** Available data follows **

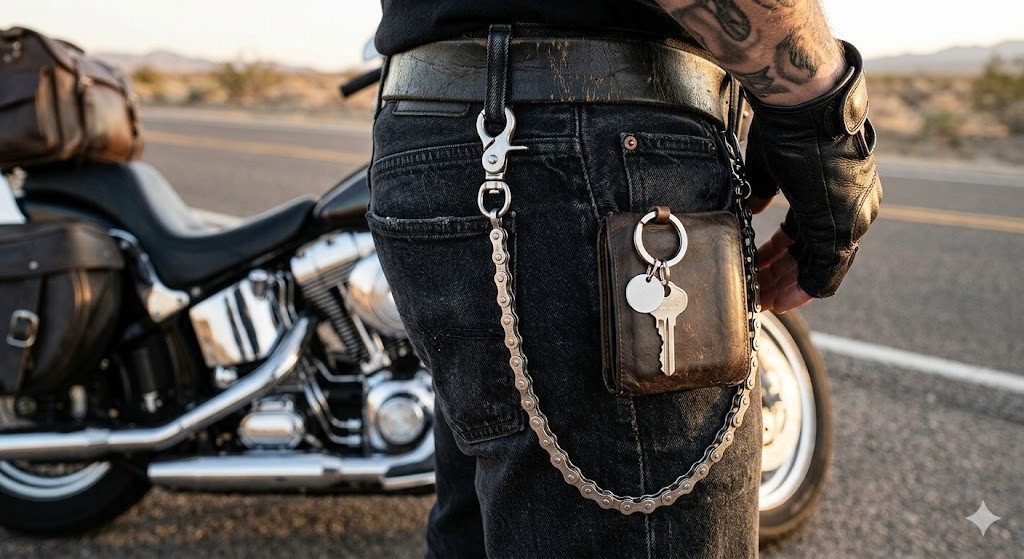 Handcrafted Upcycled Bike Chain Wallet Chain | Biker Punk Y2K Alt | 7 Colors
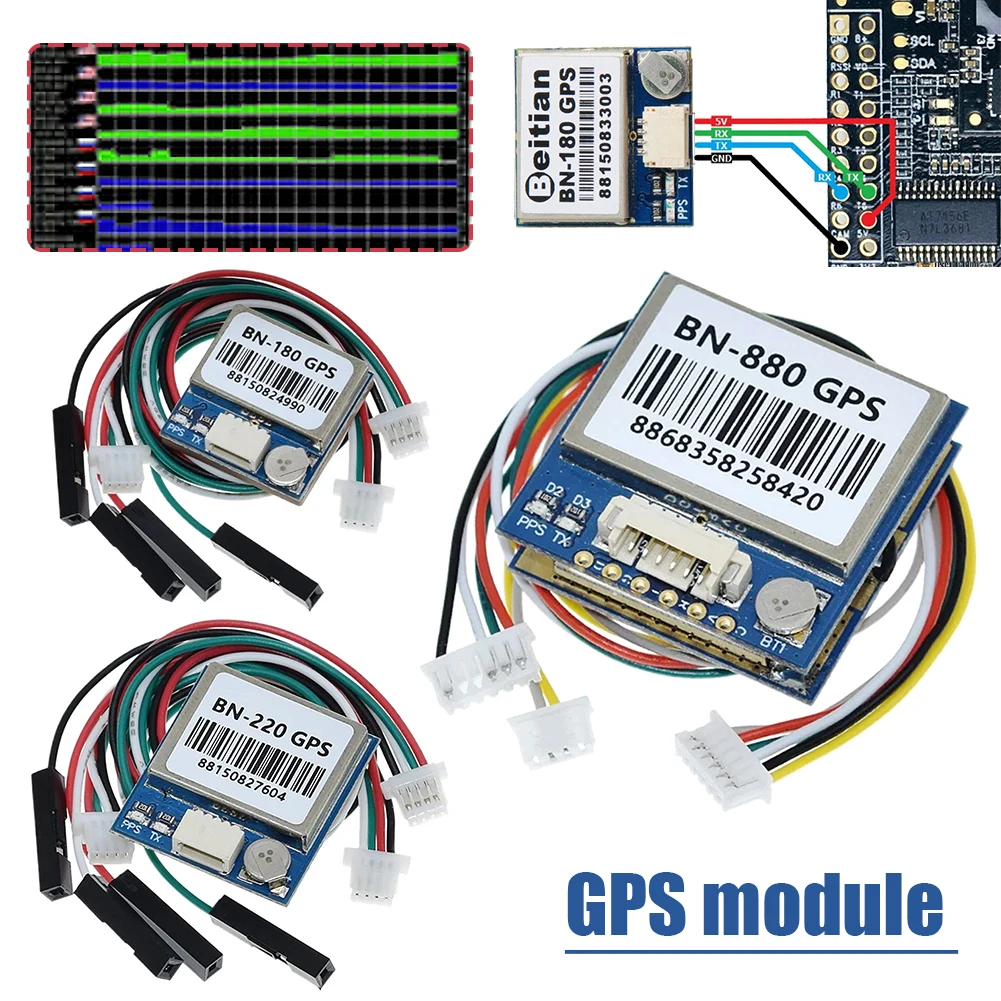 BN220 BN180 BN-880 GPS Receiver Module 3.0V-5.0V TTL Level GPS Module Built in Antenna FLASH for RC Racing FPV Drone Quadcopter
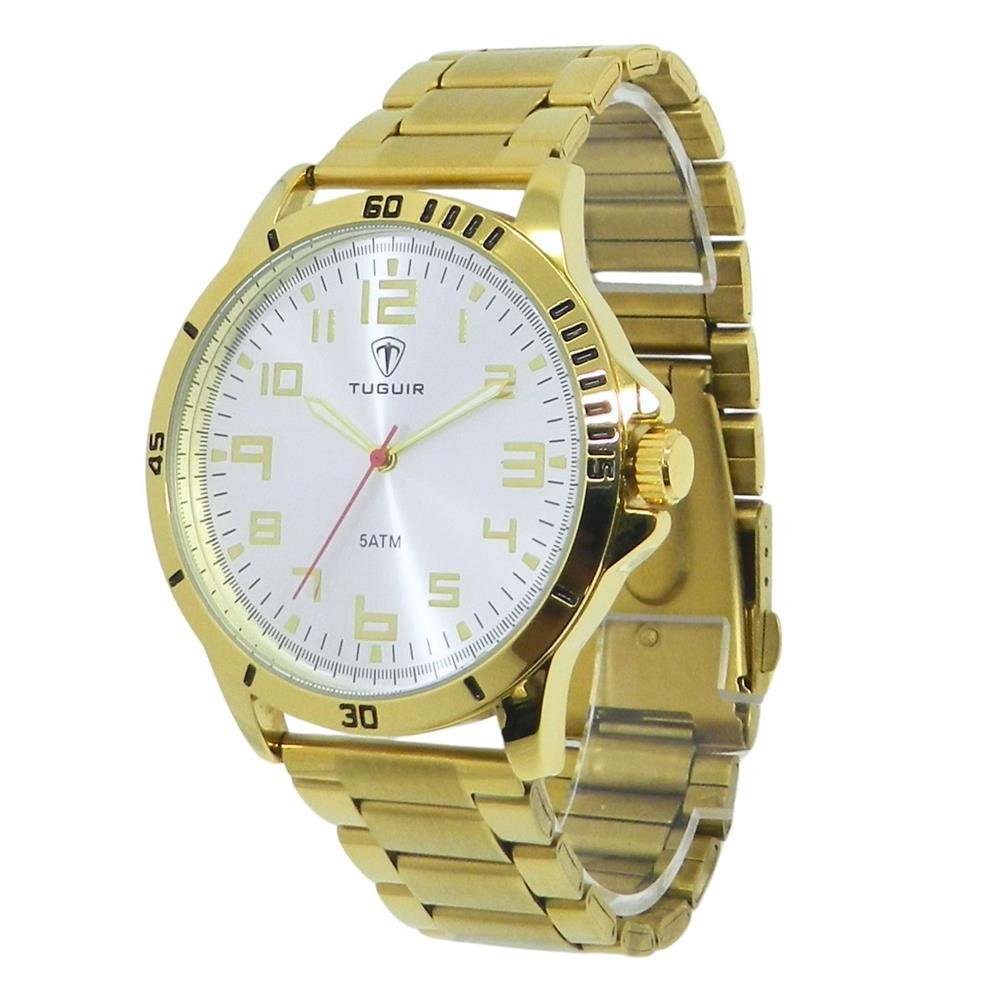 Relógio Tuguir Masculino Ref: Tg30355 Casual Dourado Dourado 3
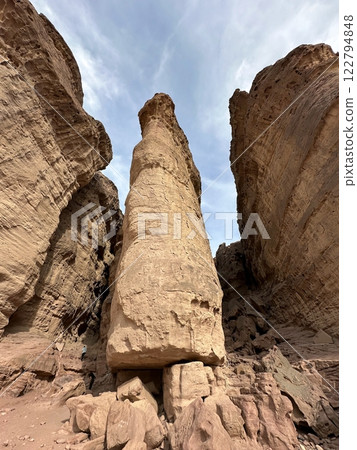 Solomon pillars in Timna Park in the Arava desert Solomon pillars in Timna Park in the Arava desert 122794848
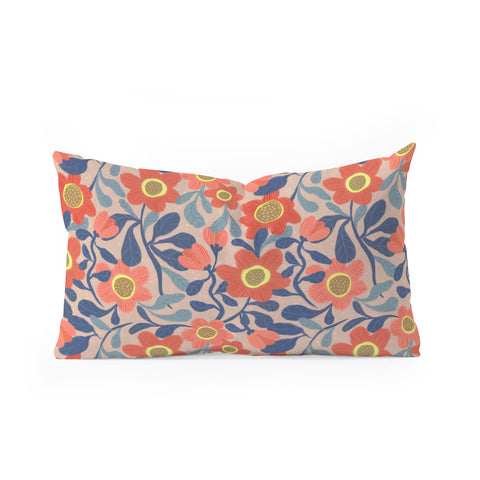 Sewzinski Coral Pink and Blue Flowers Oblong Throw Pillow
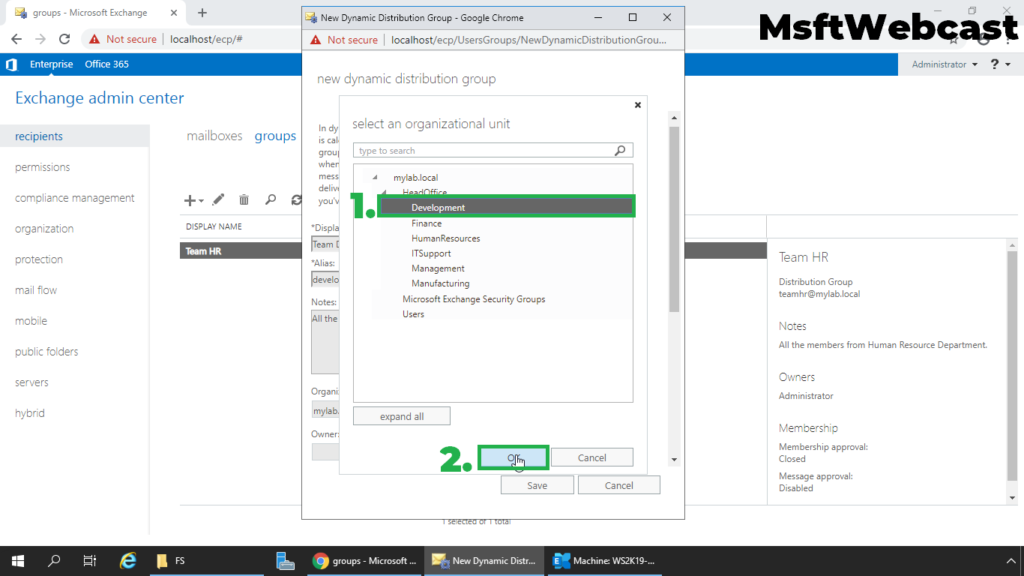 3. select the OU to store group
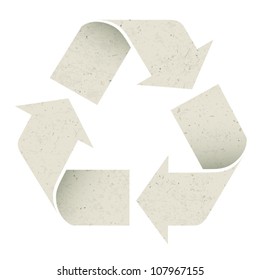 Reuse Symbol. Made from recycle paper texture, vector, EPS10, isolated.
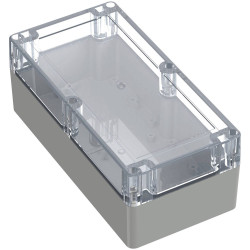 TRU COMPONENTS TC-13865156 Uni Enclosure PC Light grey Transparent 200x100x75mm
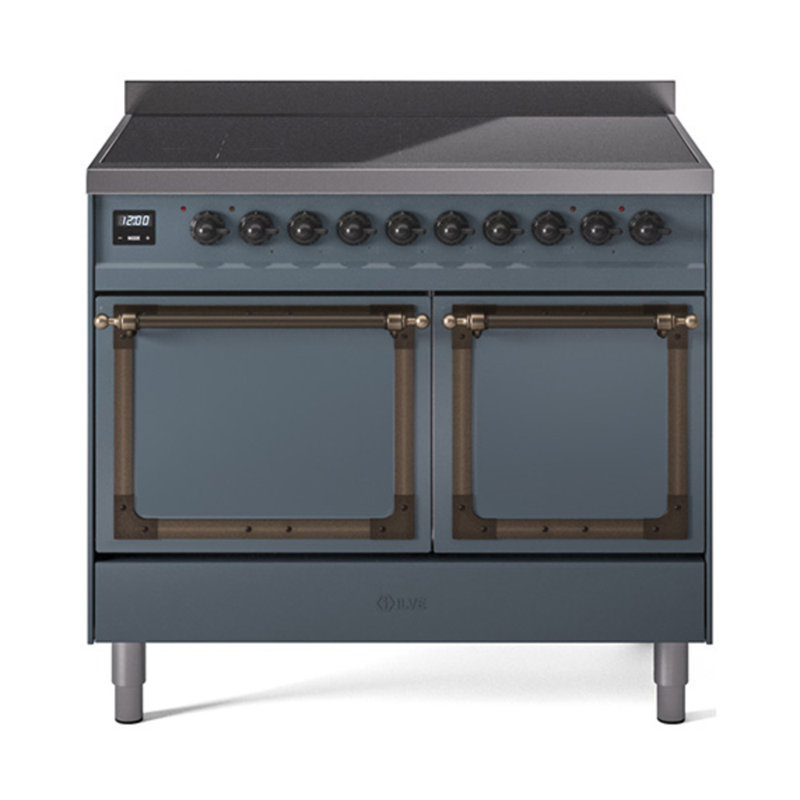 ILVE Nostalgie II Noblesse 40 in Induction Range, Blue Gray/Burnished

** End of Available data **

• **What you have to do**: Please write out, word for word, each line from the one with "3. select the OU to store group" to the last line of the data, keeping both ends and omitting pictures.

• **Exercise solution**:
 3. select the OU to store group
 Reuse Symbol. Made from recycle paper texture, vector, EPS10, isolated.
 TRU COMPONENTS TC-13865156 Uni Enclosure PC Light grey Transparent 200x100x75mm
 ILVE Nostalgie II Noblesse 40 in Induction Range, Blue Gray/Burnished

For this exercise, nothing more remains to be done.